See above: you don't need to skip first element if you query only public commits.

This revision now requires changes to proceed.Sep 19 2017, 4:35 AM

@shivramk should a test have caught the bug you found? Seems like a correctness issue, so I'm surprised nothing failed. Do we need to add a test?

shivramk updated this revision to Diff 1903.Sep 19 2017, 8:11 PM

Fixed handling of draft commits and logging calls

stash accepted this revision.Sep 20 2017, 5:58 AM

@shivramk It looks good to me, I'm going to accept the revision, but please address the comments, especially two most important ones about timeout and about calling fastlog only once.

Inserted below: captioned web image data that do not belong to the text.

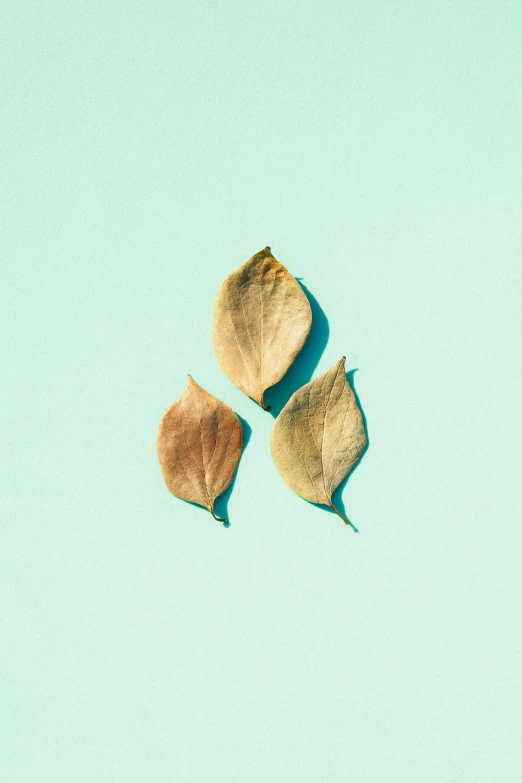 a couple of leaves sitting on top of a blue surface, the three moiras, dried herbs, seafoam green, post - minimalism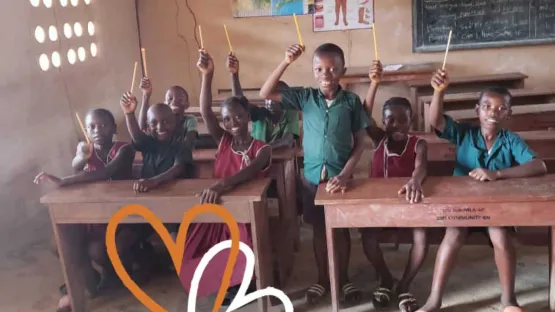 Größte Erfolge Bild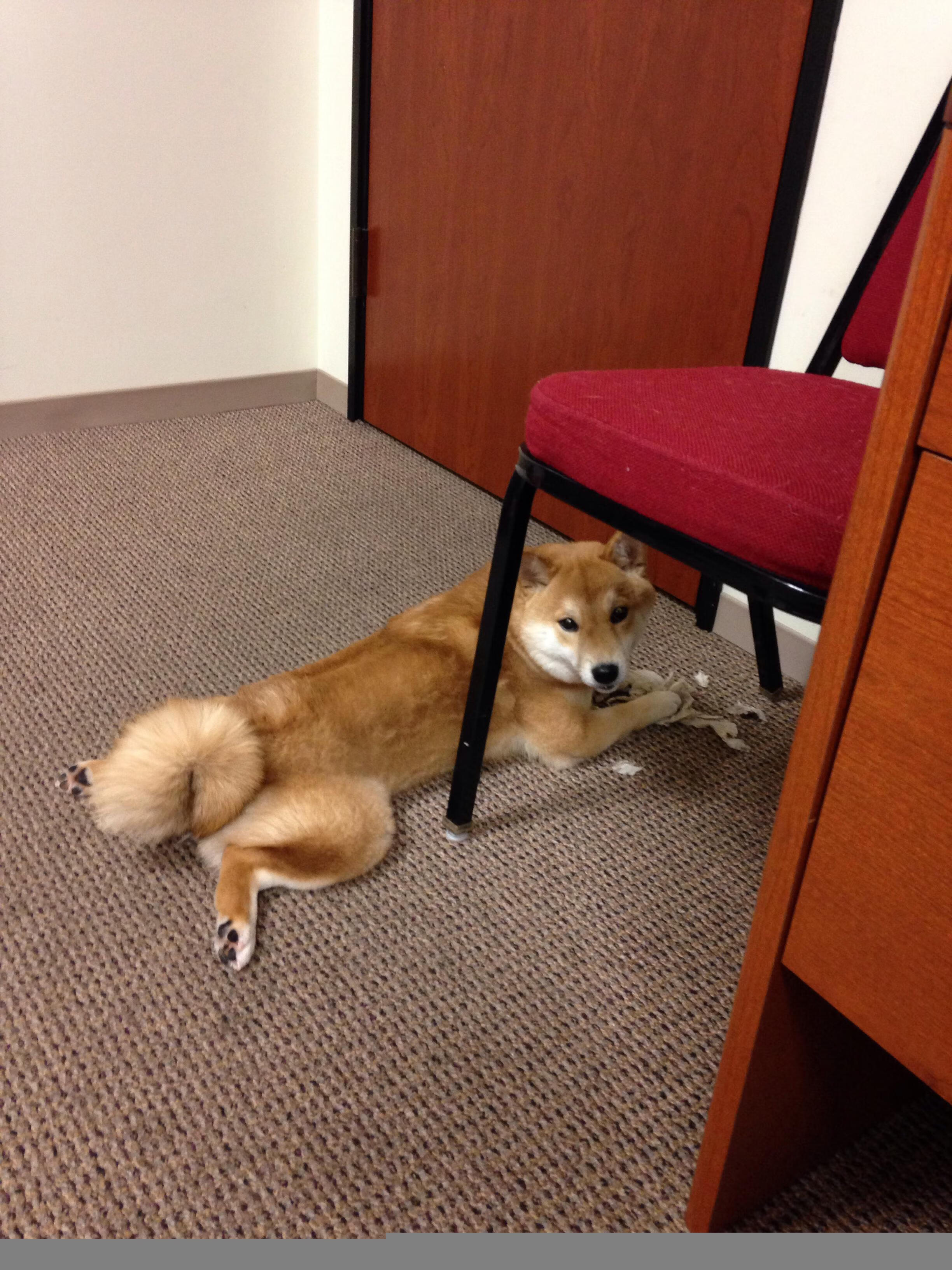 利拉德开启无解模式，黄蜂半场打花独行侠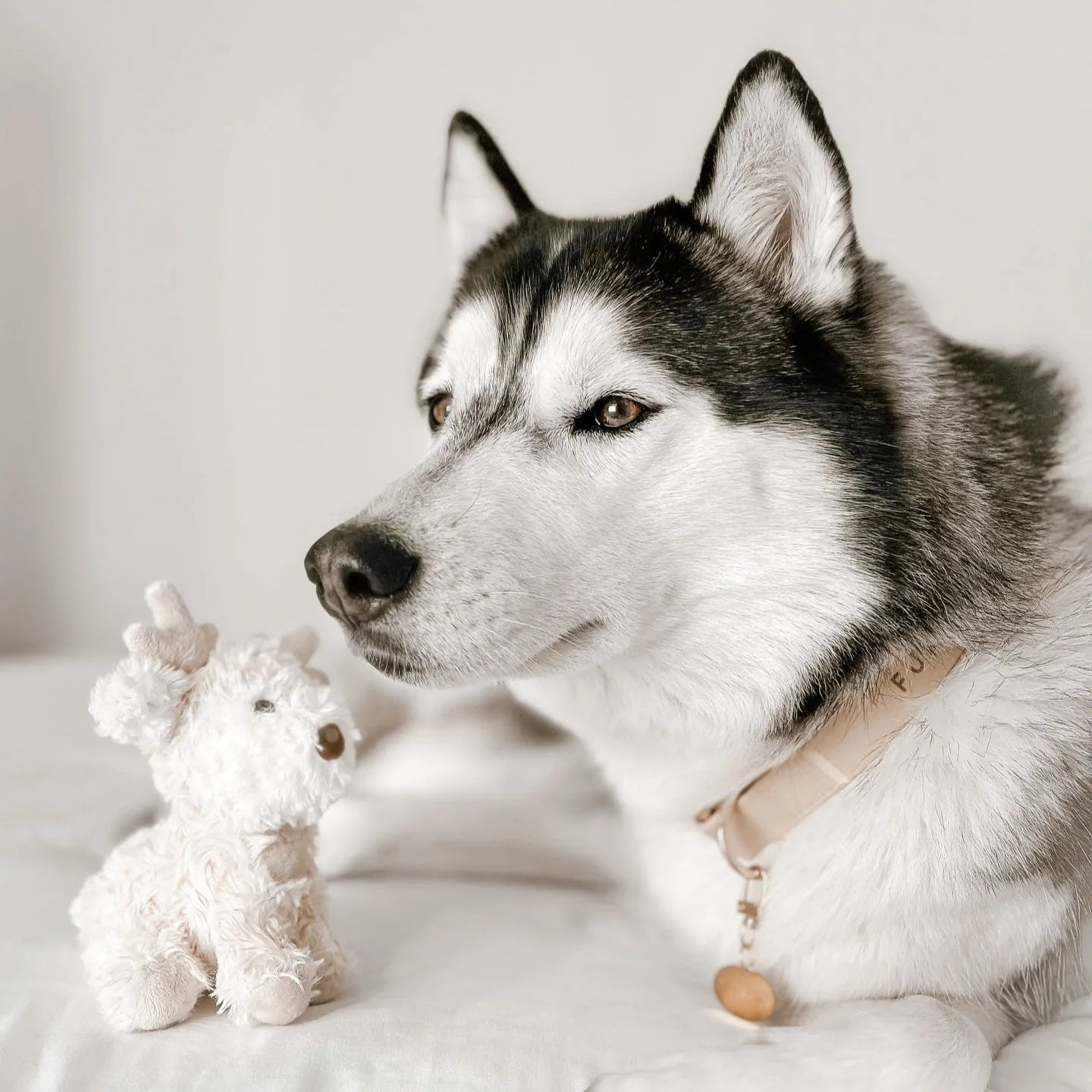 Siberian Husky next to the soft beige Vixi Reindeer plush toy with plush antlers and crinkly ears.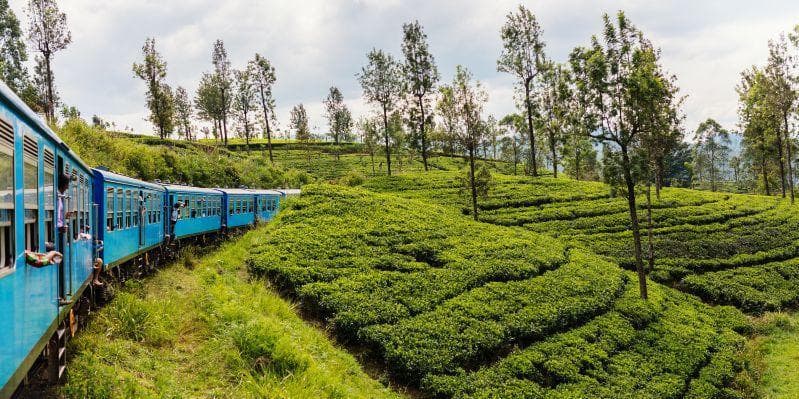 KANDY / NUWARA ELIYA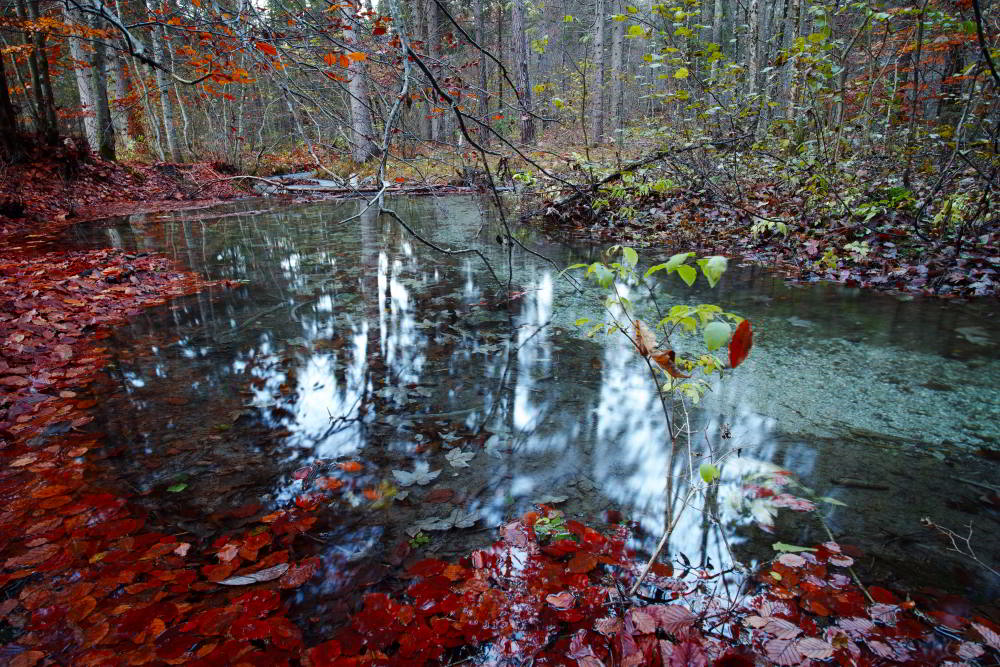 Valle di Tovel (Tn) 28.10.20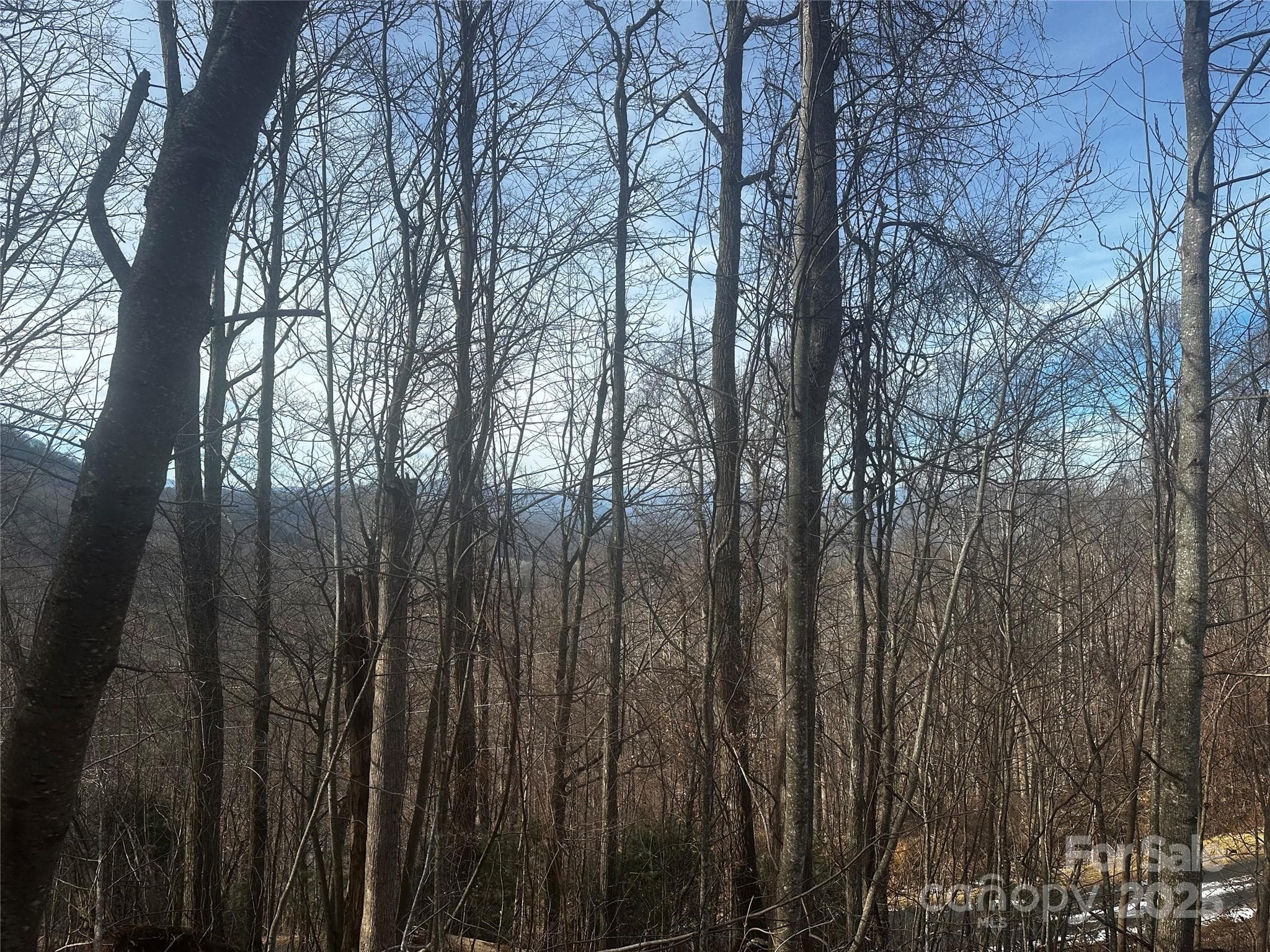 Acreage at Bakersville, photo 6 of 7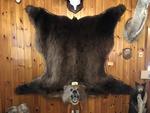 TIMED ONLINE AUCTION TAXIDERMY - ANTIQUES - COLLECTIBLES  Auction Photo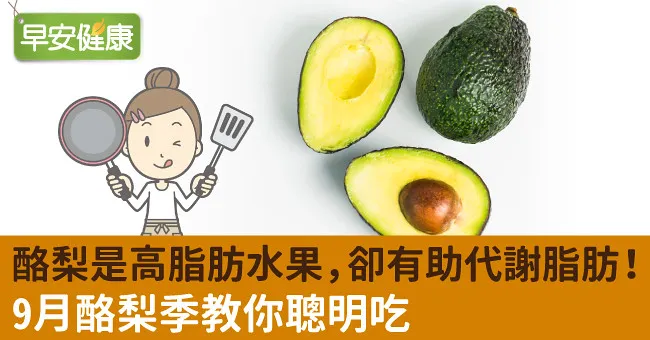 酪梨是高脂肪水果，卻有助代謝脂肪！9月酪梨季教你聰明吃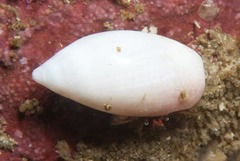 Amalda obesa
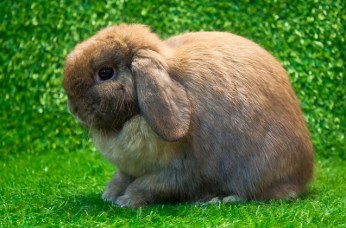 holland-lop-2.jpg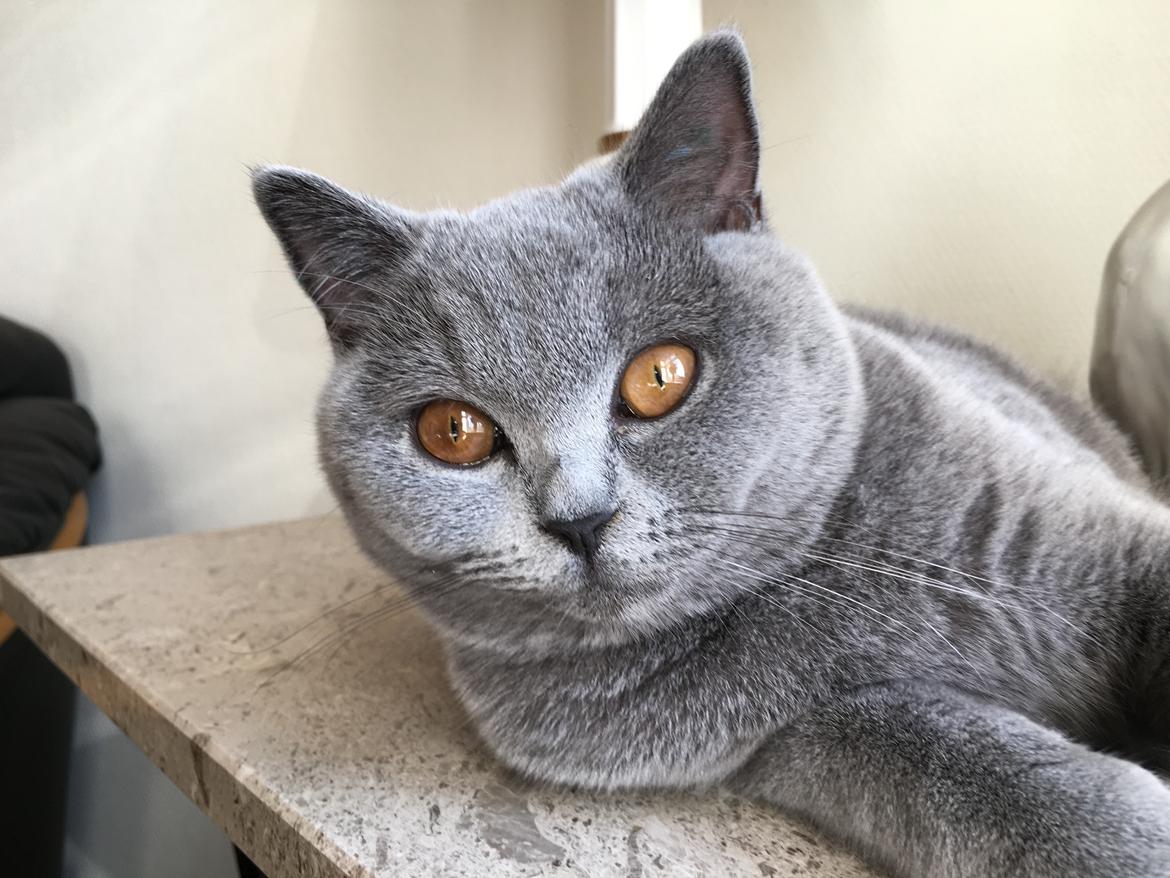 British Shorthair Tinka billede 26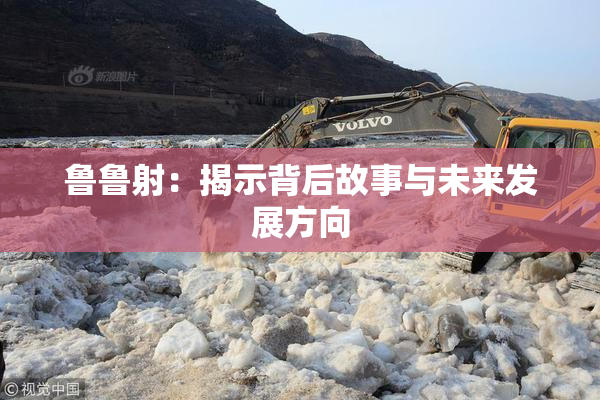 鲁鲁射：揭示背后故事与未来发展方向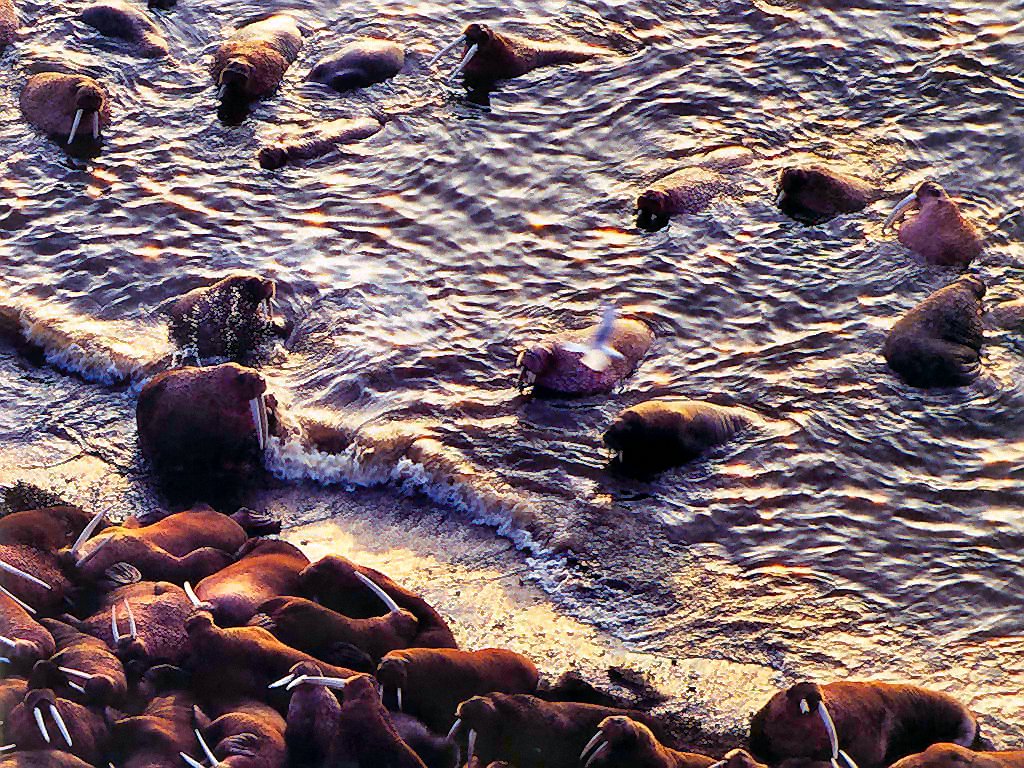 photograph of  walruses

Heads up @durham @ryanmce.

I just tested the change again. We'll see speed up on hg log FILENAME for certain files that are affected by linkrev issue. On my host I can reliably repro 7 secs speed up for one of such files - 11 secs down to 4 secs. It should also speed up other commands such as amend, maybe rebases etc.

What puzzled me for a long time is why we see this speed up in hg log command, while we already have fastlog.py extension. Turned out that fastlog.py extension works only for directories. From fastlog.py comment:

# bail on symlinks, and also bail on files for now
# with follow behavior, for files, we are supposed
# to track copies / renames, but it isn't convenient
# to do this through scmquery
remotefilelog/remotefilectx.py
297

Let's run fastlog only once - please run it only if seenpublic is False:

if not seenpublic and repo.ui.configbool('fastlog', 'enabled'):
298–299

Formatting is wrong:

lnode = self._linknodeviafastlog(repo, path, ancrev, fnode,
                                 cl, mfl)

I suggest to use Nuclide - it highlights such problems automatically

301

Can you also log successful fastlog calls:

if lnode:
  repo.ui.log('fastloglinkrevfixup', _('success\n'))
  return lnode
330–337

I completely forgot about timeout, but luckily the change is simple:

Please add these two lines -

diff --git a/remotefilelog/remotefilectx.py b/remotefilelog/remotefilectx.py
--- a/remotefilelog/remotefilectx.py
+++ b/remotefilelog/remotefilectx.py
@@ -325,8 +325,10 @@
             return None
         try:
             srchex = repo[srcrev].hex()
+            FASTLOG_TIMEOUT_IN_SECS = 0.5
             results = self._conduit.call_conduit(
                 'scmquery.log_v2',
+                timeout=FASTLOG_TIMEOUT_IN_SECS,
                 repo=reponame,
                 scm_type='hg',
                 rev=srchex,

Also I added depended revision in phabricator that adds timeout functionality - D742. So if you want to test locally, then first you need to do hgarc patch D742 to get my changes, then rebase your changes on top.

But don't worry, I tested them myself.

stash added a comment.EditedSep 21 2017, 10:01 AM

@shivramk I just pushed diff with timeout. Please address the comments and feel free to land it!

shivramk added inline comments.Sep 21 2017, 1:56 PM
remotefilelog/remotefilectx.py
297

The outer if condition is already checking for not seenpublic. Wouldn't this check be redundant?

shivramk updated this revision to Diff 1972.Sep 21 2017, 2:15 PM

Addressed review comments

stash added inline comments.Sep 22 2017, 5:15 AM
remotefilelog/remotefilectx.py
297

Right, makes sense

stash accepted this revision.Sep 22 2017, 5:16 AM
This revision was automatically updated to reflect the committed changes.